Airflow

Airflow Integration.

Version
0.9.0 (View all)
Compatible Kibana version(s)
8.13.0 or higher
Supported Serverless project types

Security
Observability
Subscription level
Basic
Level of support
Elastic

Overview

Airflow is an open-source platform for programmatically authoring, scheduling, and monitoring workflows. It allows users to define workflows as Directed Acyclic Graphs (DAGs) of tasks, which are then executed by the Airflow scheduler on an array of workers while following the specified dependencies.

Use the Airflow integration to:

  • Collect detailed metrics from Airflow using StatsD to gain insights into system performance.
  • Create informative visualizations to track usage trends, measure key metrics, and derive actionable business insights.
  • Monitor your workflows' performance and status in real-time.

Data streams

The Airflow integration gathers metric data.

Metrics provide insight into the statistics of Airflow.

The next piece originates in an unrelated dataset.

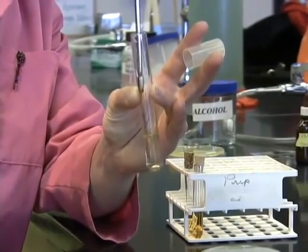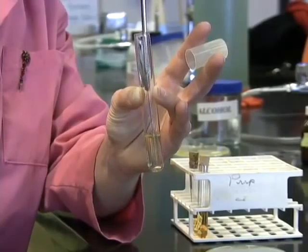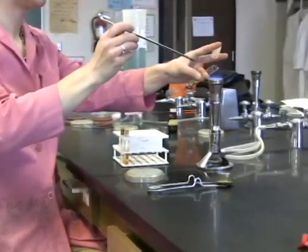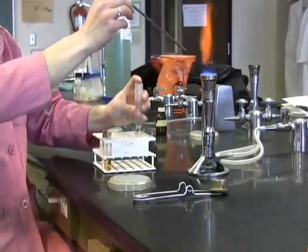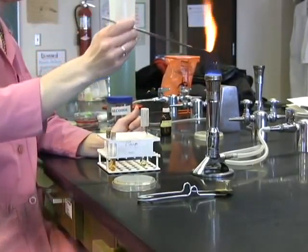You'll use this same procedure for any tube of broth that you're inoculating, whether it be a TSB tube, such as shown here, or a urea tube, such as shown in the rack there. Any small tube of broth or larger tube of broth would be inoculated in the exact same way.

The Metric data stream collected by the Airflow integration is statsd, enabling users to monitor and troubleshoot the performance of the Airflow instance.

Data stream:

  • statsd: Collects metrics related to scheduler activities, pool usage, task execution details, executor performance, and worker states in Airflow.

Note:

  • Users can monitor and view metrics within the ingested documents for Airflow in the metrics-* index pattern from Discover.

Compatibility

The Airflow module is tested with Airflow 2.4.0. It should work with versions 2.0.0 and later.

Prerequisites

Users require Elasticsearch to store and search user data, and Kibana to visualize and manage it. They can utilize the hosted Elasticsearch Service on Elastic Cloud, which is recommended, or self-manage the Elastic Stack on their own hardware.

To ingest data from Airflow, users must have StatsD to receive the same.

Setup

For step-by-step instructions on how to set up an integration, see the Getting started guide.

Steps to Setup Airflow

Be sure to follow the official Airflow Installation Guide for the correct installation of Airflow.

Include the following lines in the user's Airflow configuration file (e.g. airflow.cfg). Leave statsd_prefix empty and replace %HOST% with the address where the Agent is running:

[metrics]
statsd_on = True
statsd_host = %HOST%
statsd_port = 8125
statsd_prefix =

Validation

Once the integration is set up, you can click on the Assets tab in the Airflow integration to see a list of available dashboards. Choose the dashboard that corresponds to your configured data stream. The dashboard should be populated with the required data.

Troubleshooting

  • Check if the StatsD server is receiving data from Airflow by examining the logs for potential errors.
  • Make sure the %HOST% placeholder in the Airflow configuration file is replaced with the correct address of the machine where the StatsD server is running.
  • If Airflow metrics are not being emitted, confirm that the [metrics] section in the airflow.cfg file is properly configured as per the instructions above.

Metrics reference

Statsd

This is the statsd data stream, which collects metrics related to scheduler activities, pool usage, task execution details, executor performance, and worker states in Airflow.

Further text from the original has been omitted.